During the second week of the semester, participants responded to the question, “Overall, how would you rate your health?” Responses ranged from 1 (poor) to 5 (excellent). The mean response was 3.69 (SD = 0.84).

Emotional health

Three weeks before the semester ended and the Time 2 essay was completed, students completed the short form of the Center for Epidemiological Studies Depression Scale, which was developed for use in the general population (CESD-10)68. Participants rate the frequency with which they experienced 10 depression symptoms in past week on a scale ranging from 0 (rarely or none of the time/less than 1 day) to 3 (most or all of the time/5–7 days). In our sample internal consistency was good (α = 0.85). The mean depression score was 10.00 (SD = 5.91).

State-level mood ratings

Immediately before and after the 20-min writing exercise, students rated how much they felt four negative moods (sad, worried, angry, and stressed) and four positive moods (happy, enthusiastic, optimistic, and calm) on a Likert scale ranging from 1 (not at all) to 5 (a great deal). Ratings of the same valence were averaged to create negative and positive mood scores at both pre- and post-writing with acceptable-to-good internal consistency (αs 0.75–0.83).

Study 2

Text corpus and author characteristics

The complete text from 37,296 blogs was collected from blogger.com in August 2004. For complete information on corpus design, see Schler et al.69. Blogs contained all entries written from their inception to the day they were collected. Inclusion criteria were identical to that reported in Study 1, and duplicate texts collected in error were removed. The final corpus contained the full content of blogs by 35,385 individuals, ranging in total length from 107 to 481,983 words (M = 3142; SD = 6572). This sample size mitigates potential issues due to small effect sizes for work of this nature. Bloggers’ self-identified gender and age were collected when available. Age and gender data were available for 27.4% of bloggers (N = 9688).
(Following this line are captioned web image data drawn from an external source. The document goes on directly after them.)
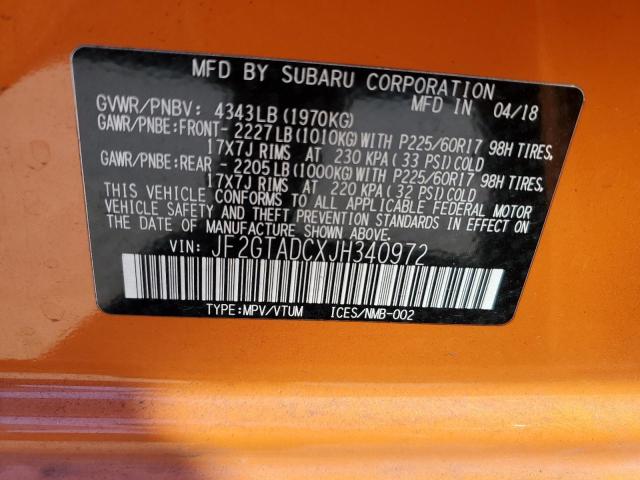 JF2GTADCXJH340972 - 2018 SUBARU CROSSTREK PREMIUM ORANGE photo 13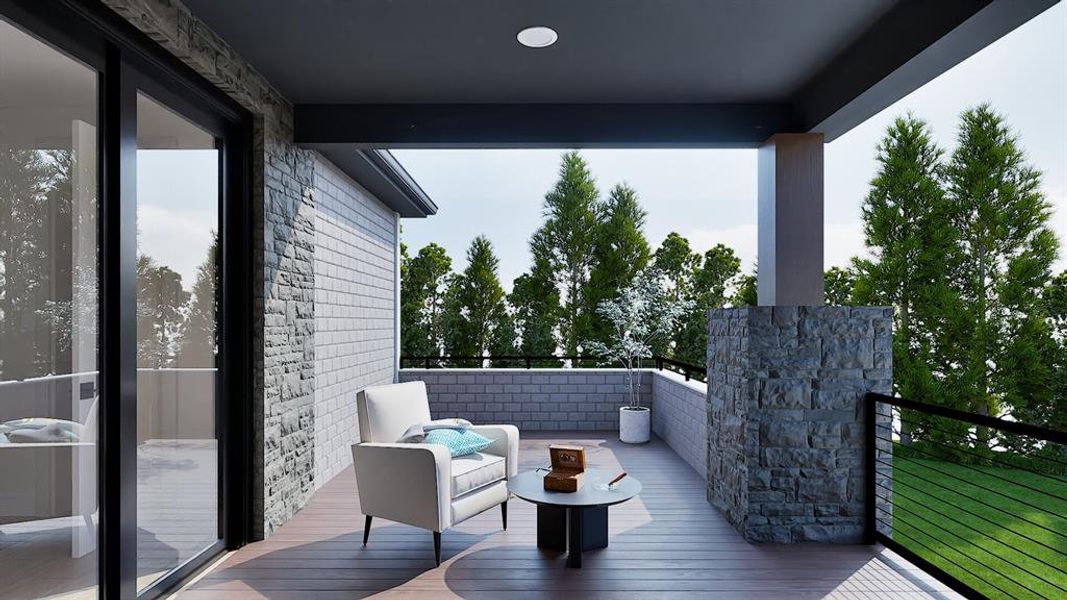 Exterior details and patio area of a home in , Graford (Image 4).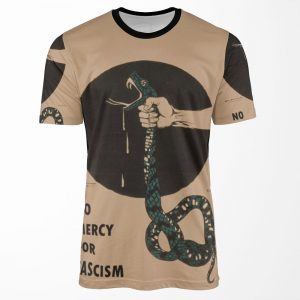 No Mercy For Fascism Vintage Wwii Poster Design All-over-print T-shirt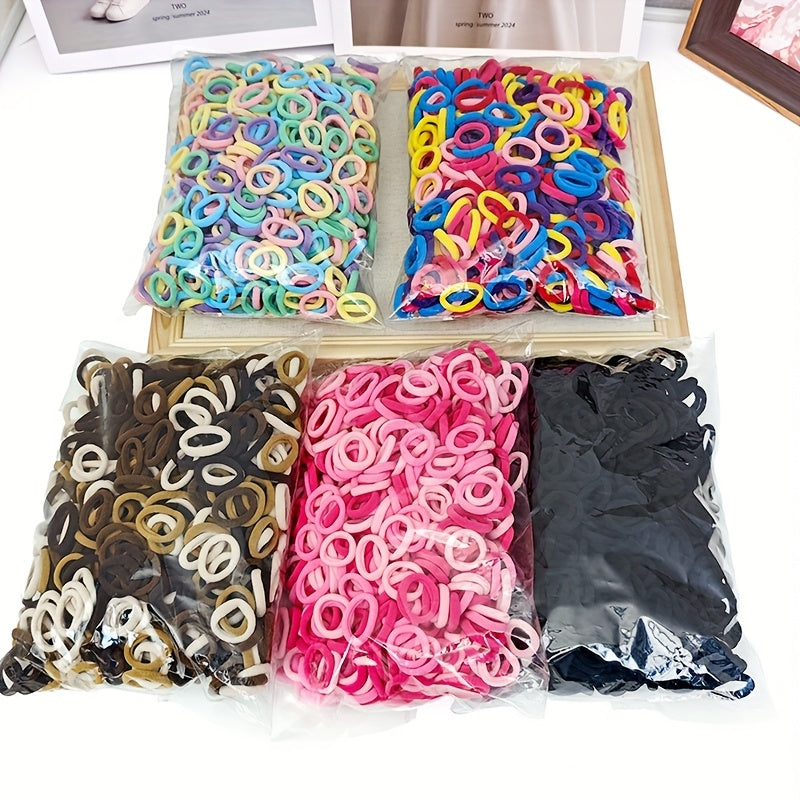 TEMU 300pcs Of High And Durable Polyester Headbands, Candy Colored Sweet Pink Headbands - Bright Mixed Colors, Mixed Color Hair String Set, Bright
Among these, approximately half of bloggers were female (5048; 52%), and ages ranged from 13 to 88 (M = 22.41; SD = 8.06). No informed consent was obtained, as identifying data were not collected.

Emotion vocabulary

Emotion vocabulary (EV) was computed using the same method described in Study 1. Representative examples of emotion words captured appear in Supplementary Methods.

Individual difference indices (text-derived)

Because self-reports were not available, we relied on the text-based indices of well-being identified in Study 1. Evidence of criterion validity of these text-derived indices, based on their correlations with self-report in Study 1, is available online (Supplementary Table 2). Other text-based indices (cognitive processing, general vocabulary, positive and negative emotional tone, and presence of well-being themes) were derived for all blogs in the corpus using the same methods described for Study 1. The average TTR for general vocabularies was 62.91 (SD = 13.14, range: 4.66–95.06).

Reporting summary

Further information on research design is available in the Nature Research Reporting Summary linked to this article.